*DATA SECTION:*
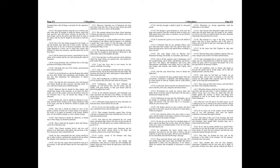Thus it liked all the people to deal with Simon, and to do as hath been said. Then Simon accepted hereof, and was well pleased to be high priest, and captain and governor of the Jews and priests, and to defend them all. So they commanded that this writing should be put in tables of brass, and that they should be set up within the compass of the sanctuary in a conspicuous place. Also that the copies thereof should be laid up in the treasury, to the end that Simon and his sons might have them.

==

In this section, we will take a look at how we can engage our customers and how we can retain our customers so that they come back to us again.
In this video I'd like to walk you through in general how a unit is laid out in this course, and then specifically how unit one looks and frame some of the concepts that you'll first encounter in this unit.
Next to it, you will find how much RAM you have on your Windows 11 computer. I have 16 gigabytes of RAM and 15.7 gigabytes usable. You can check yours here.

==

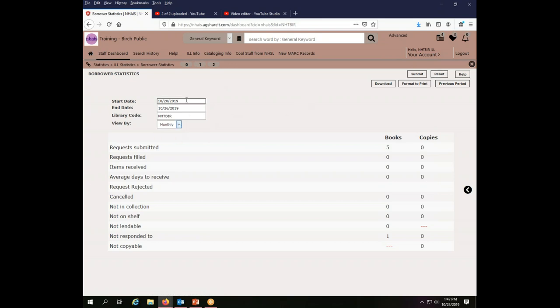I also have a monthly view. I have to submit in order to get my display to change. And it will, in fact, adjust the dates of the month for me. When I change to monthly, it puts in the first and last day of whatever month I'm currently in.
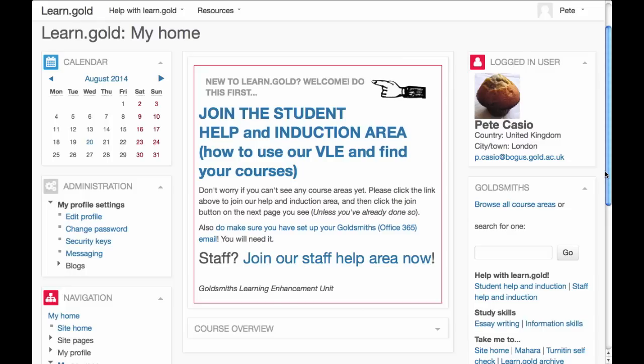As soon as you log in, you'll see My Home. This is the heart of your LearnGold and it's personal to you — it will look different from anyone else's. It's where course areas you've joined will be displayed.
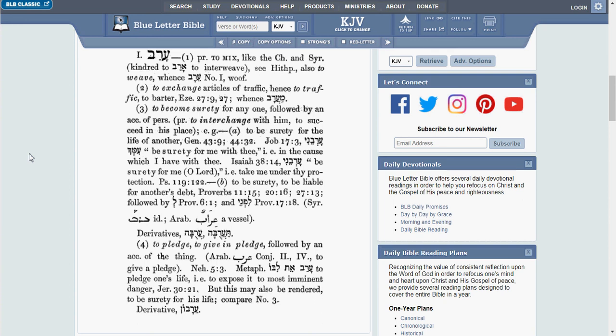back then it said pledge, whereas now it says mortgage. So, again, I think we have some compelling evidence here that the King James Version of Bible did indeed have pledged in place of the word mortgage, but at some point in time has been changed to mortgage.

*ACTIVITY:* Within the listing above, copy exactly the lines that start at the one with "I also have" and continue through the one with "back then it". Omit pictures.

*ANSWER FOR THE TASK:*
I also have a monthly view. I have to submit in order to get my display to change. And it will, in fact, adjust the dates of the month for me. When I change to monthly, it puts in the first and last day of whatever month I'm currently in.
As soon as you log in, you'll see My Home. This is the heart of your LearnGold and it's personal to you — it will look different from anyone else's. It's where course areas you've joined will be displayed.
back then it said pledge, whereas now it says mortgage. So, again, I think we have some compelling evidence here that the King James Version of Bible did indeed have pledged in place of the word mortgage, but at some point in time has been changed to mortgage.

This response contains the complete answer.